Collecting, Analyzing, and Summarizing Amazon Books on Data Science
Project Github repository
Books can be a very good source for learning data science. In this project, I tried to analyze the data of 1000 books about data science collected from Amazon
What is the purpose of this analysis ?
- Get to know the books related to data science that are sold on Amazon
- Find the best books based on user reviews related to data science and related fields
Project overview :
This project uses the Data science books dataset available on Kaggle https://www.kaggle.com/datasets/die9origephit/amazon-data-science-books.

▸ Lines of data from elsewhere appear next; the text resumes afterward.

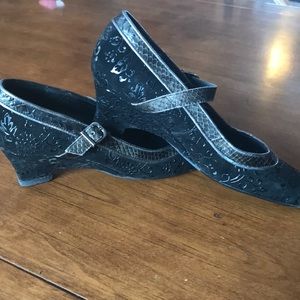 Velvet and embossed Mary Jane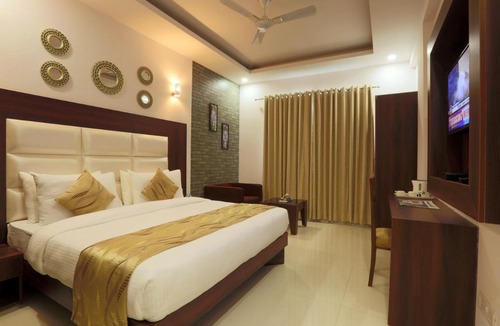 Mahipalpur Hotel | Hotel Arch -Stunning Double Bedroom Near Aerocity in New Delhi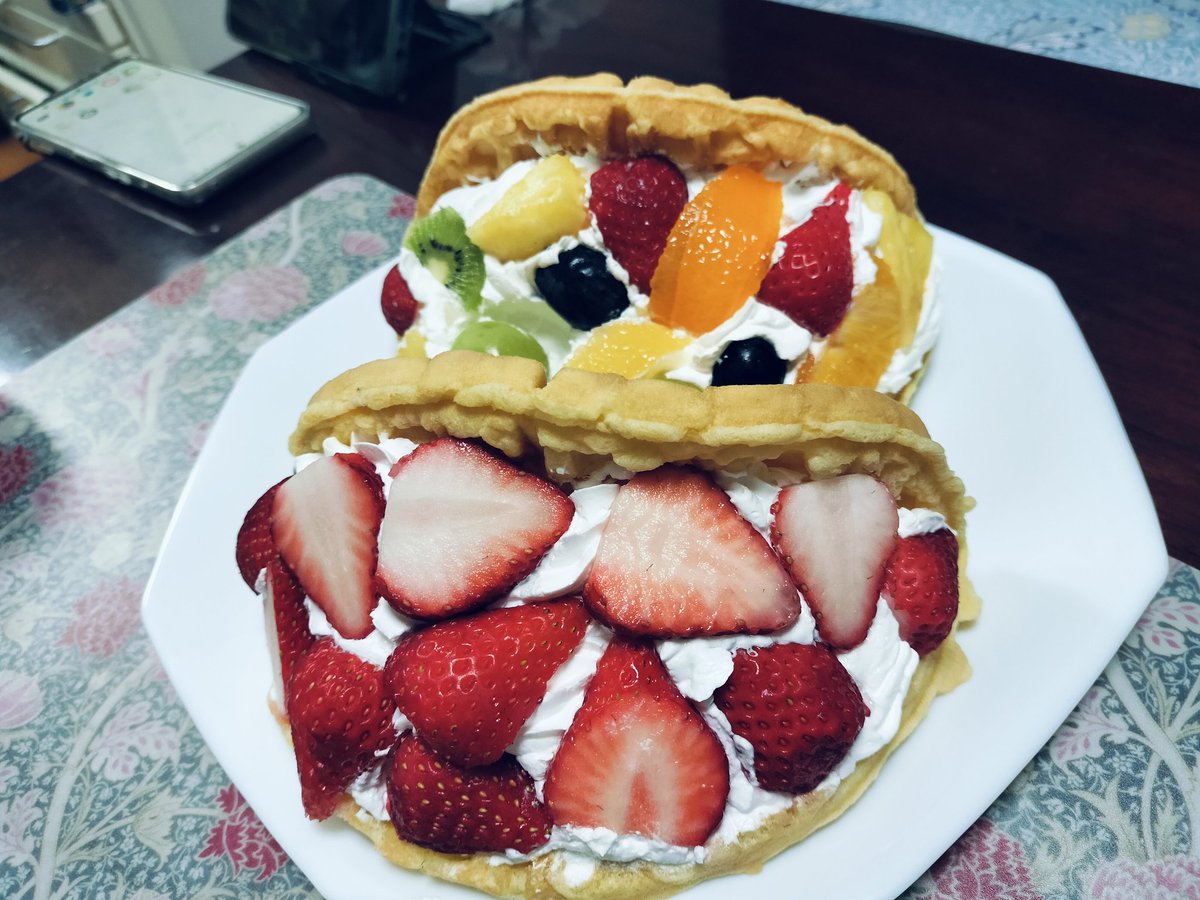 clock4260's tweet photo. GWで食べたものたち、明日から節制 https://t.co/j5ROJoZVJ3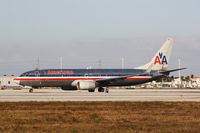 N964AN @ KMIA - Boeing 737-800 - by Mark Pasqualino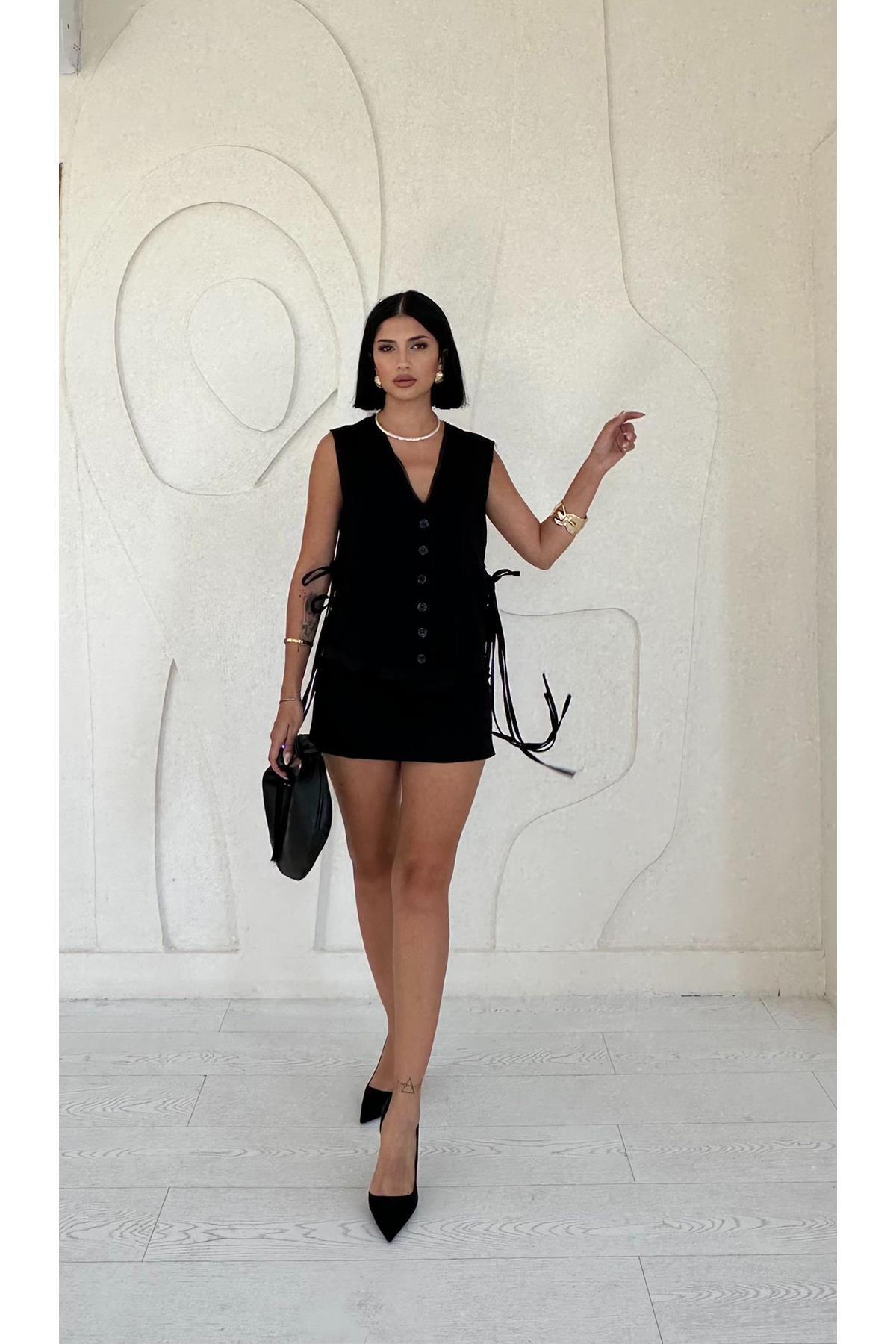 Toptan Siyah Yanları Bağcıklı Yelek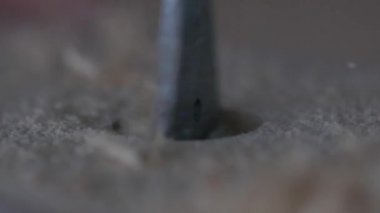 Çalışırken odun talimi yap. Süper güzel yakın çekim..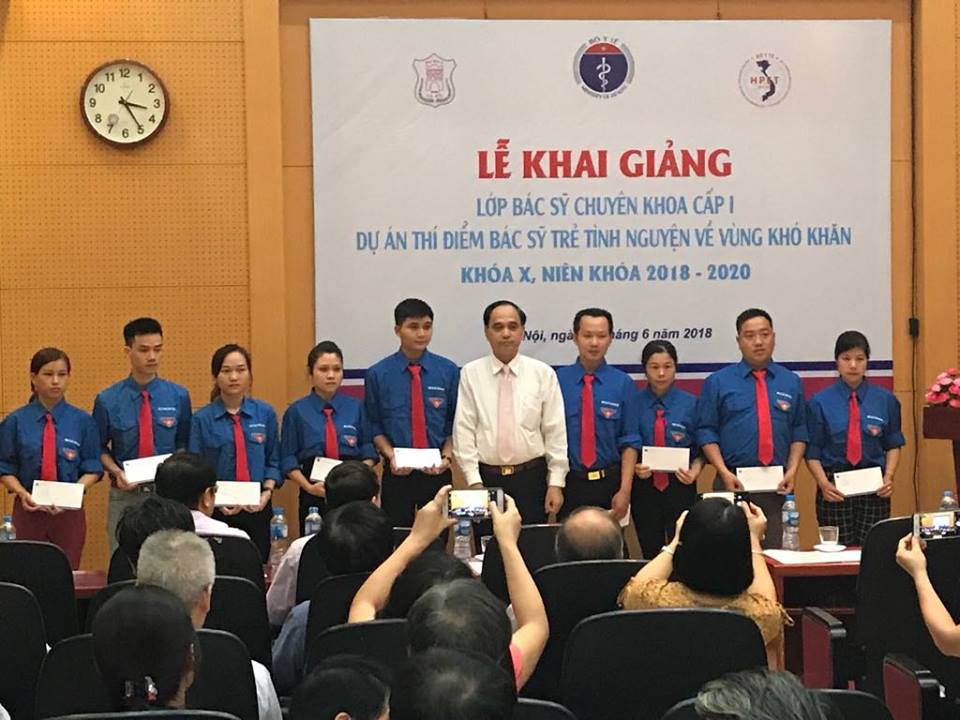Nhiều bác sĩ trẻ tình nguyện về huyện nghèo chăm sóc sức khỏe cho người dân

The dataset contains 946 books obtained from scraping Amazon books related to data science, statistics, data analysis, Python, deep learning, and machine learning.
There are 18 columns :
title: title of the book
author: author (or the authors) of the book
price: price (in dollars)
pages: number of pages
avg_reviews: average reviews (out of 5)
n_reviews: reviews done for each book
star5: percentage of 5 star reviews
star4: percentage of 4 star reviews
star3: percentage of 3 star reviews
star2: percentage of 2 star reviews
star1: percentage of 1 star reviews
dimensions: size of the book (in inches)
weight: weight (in pounds or ounces)
language: language of the book
publisher: publisher
ISBN-13: ISBN_13 code
link: link of the Amazon book
complete_link: complete link of the Amazon book (including the domain https://amazon.com)
Loading the data
Understanding the data
- shape of the data
- check column dtypes
- check is there any null values
Data preprocessing and feature engineering
- Split authors
- Convert weight from pounds and ounces to gr
- Extract publisher year from publisher
- Extract inch year from dimensions
- Remove punct from title
Exploratory data analysis
- Authors with more than one books
- Correlation between features
- Price distrubtion
- Whats the min avg max price
- Number of pages distrubtion
- Does number of pages of a book affect the price ?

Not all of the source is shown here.